記憶 ―惑星の黙示録―


「…もう、あれから5年経ったんだよ?いっぱい探したんだよね、コン。」

『…うん。探した…』

やっと会えるんだ。
良かったね、ハルカちゃん…

きっと、
あの二人と同じ。

目に見えない、大切な絆…。



風に揺れる花畑。
光を帯びた背の高い「扉」。

ここでの記憶は、
二人には残らないのだろうか…


私と、出逢った事も。

皆で共有した…

ここでの時間も…、
少しだけ知った、
「世界の秘密」も…。


そう考えたら、
寂しさが込み上げて来たが、私は涼しい顔をする。



ハルカちゃんの潤んだ瞳が、
私の瞳を写した。


「…ナオちゃん、ごめんね。

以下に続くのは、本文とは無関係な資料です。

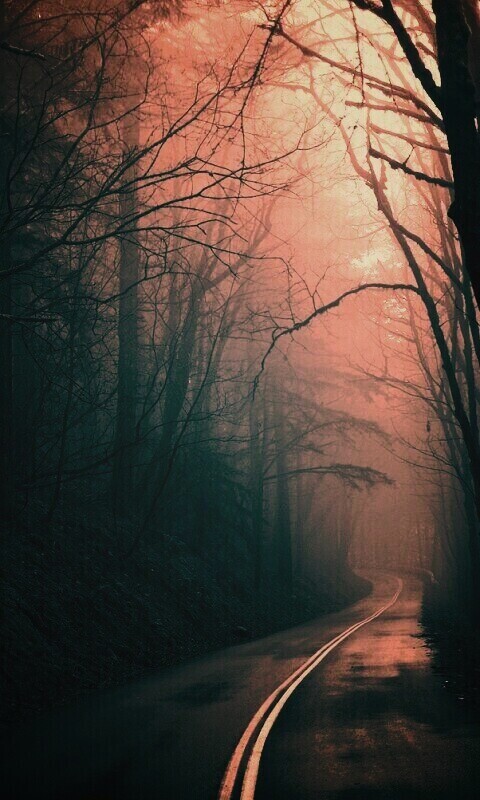 В туман обои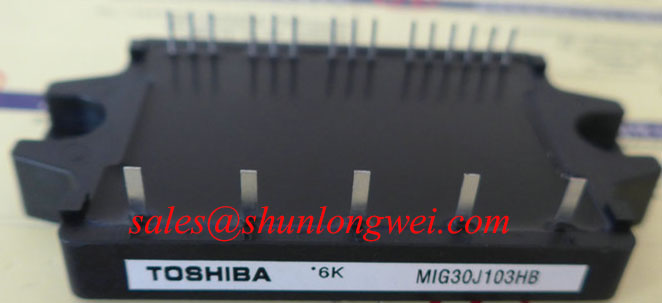 Read more about the article Toshiba MIG30J103HB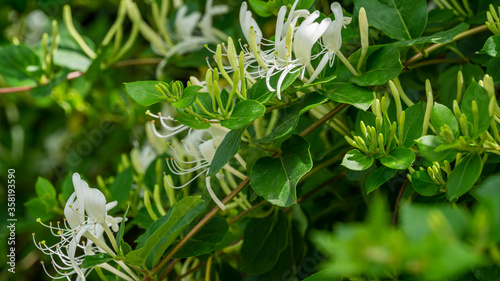 Lonicera japonica  known as Japanese honeysuckle and golden-and-silver honeysuckle. Evergreen flowering fragrant liana possibly Lonicera giraldii. Close-up of white and yellow flowers.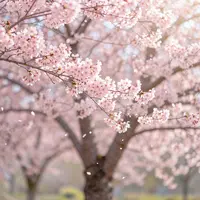 Искусство цветущей сакуры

あたし帰っても、…いいかな?」

本当に申し訳なさそうに、私から少しも瞳を逸らさずにハルカちゃんは聞いた。


「…勿論。やっと念願の彼に会えるんだから…」

これは本心。

しかし同時に、
羨ましい、寂しいという今必要ない感情を…、
私は噛み殺して笑った。

私はもう前の世界に戻れない、
死んだかもしれない。
それも、
忘れた振りをして笑った。

私の事は大丈夫だよって。


…また同じ。
いつかどこかで、この状況を頻繁に繰り返している様な気もした。